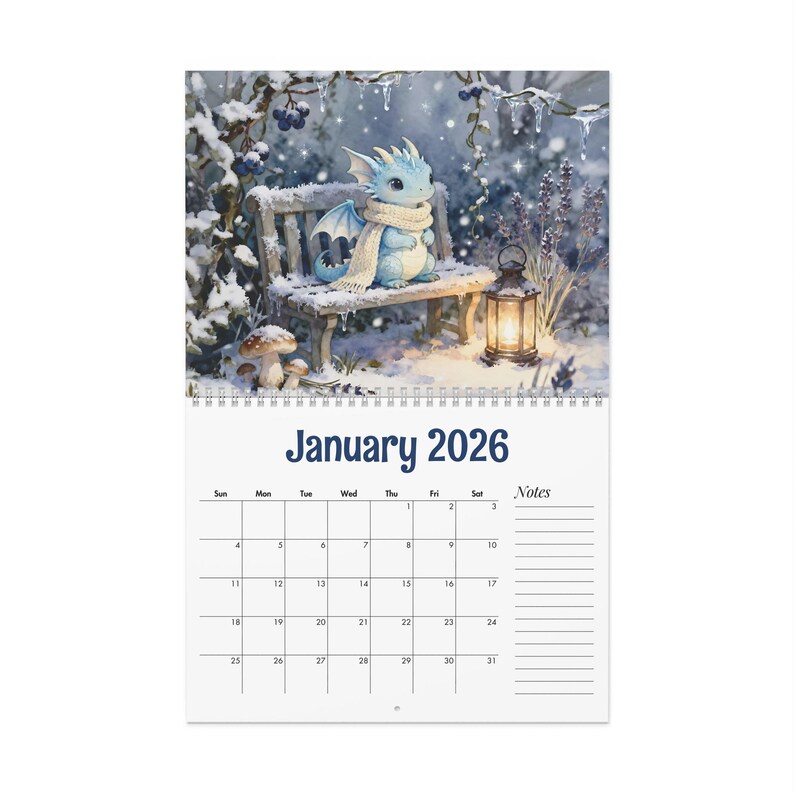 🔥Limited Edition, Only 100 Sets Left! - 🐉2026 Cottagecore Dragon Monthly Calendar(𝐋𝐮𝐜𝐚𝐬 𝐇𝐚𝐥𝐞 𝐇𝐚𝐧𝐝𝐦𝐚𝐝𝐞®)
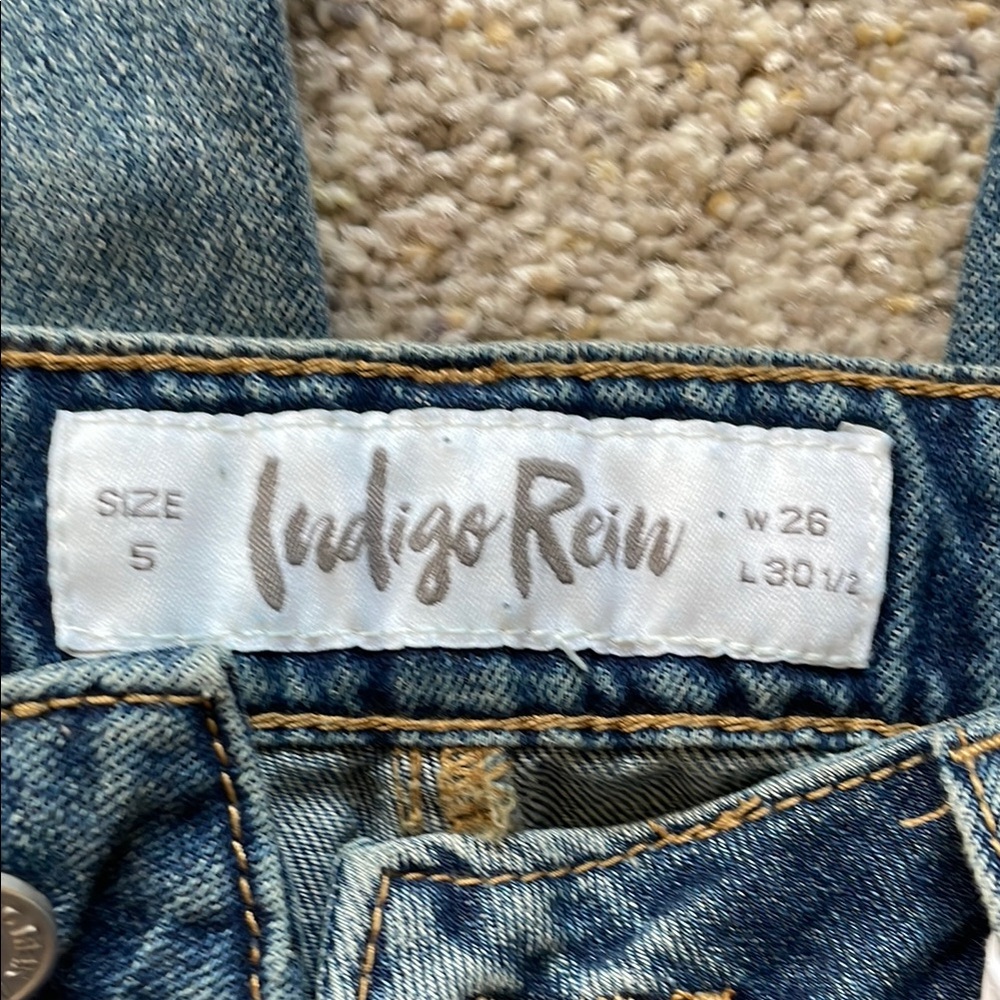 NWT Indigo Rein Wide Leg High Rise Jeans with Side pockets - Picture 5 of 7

■ ■ ■ ■ ■ ■ ■

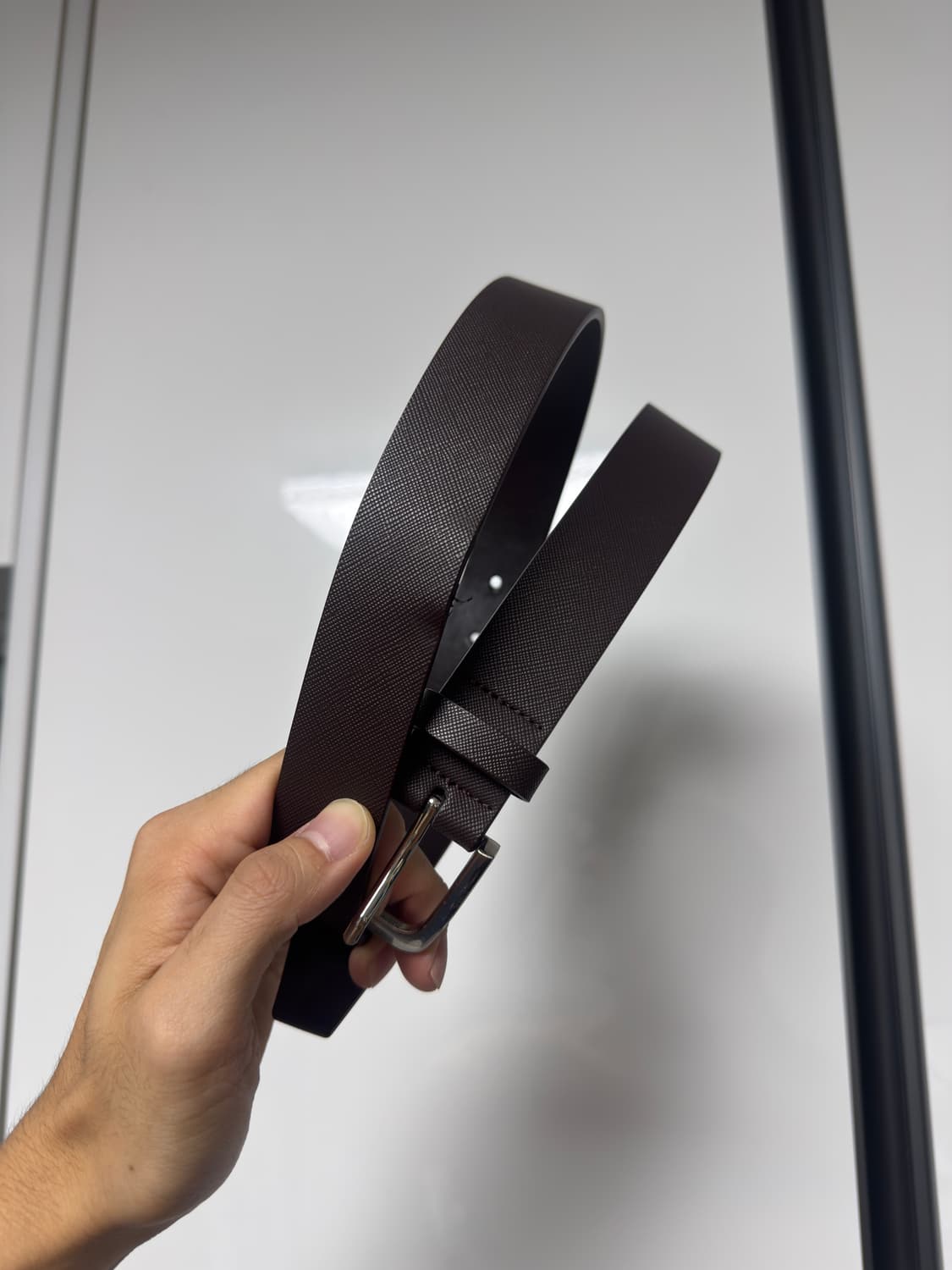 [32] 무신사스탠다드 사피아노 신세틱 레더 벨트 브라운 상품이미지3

■ ■ ■ ■ ■ ■ ■

→ **Activity**
Using the data above, retype exactly the lines from the line with "Calendar(𝐋𝐮𝐜𝐚𝐬 𝐇𝐚𝐥𝐞 𝐇𝐚𝐧𝐝𝐦𝐚𝐝𝐞®)" to the line with "NWT Indigo Rein", inclusive. No pictures and nothing else.

→ **Problem solution**
 🔥Limited Edition, Only 100 Sets Left! - 🐉2026 Cottagecore Dragon Monthly Calendar(𝐋𝐮𝐜𝐚𝐬 𝐇𝐚𝐥𝐞 𝐇𝐚𝐧𝐝𝐦𝐚𝐝𝐞®)
 NWT Indigo Rein Wide Leg High Rise Jeans with Side pockets - Picture 5 of 7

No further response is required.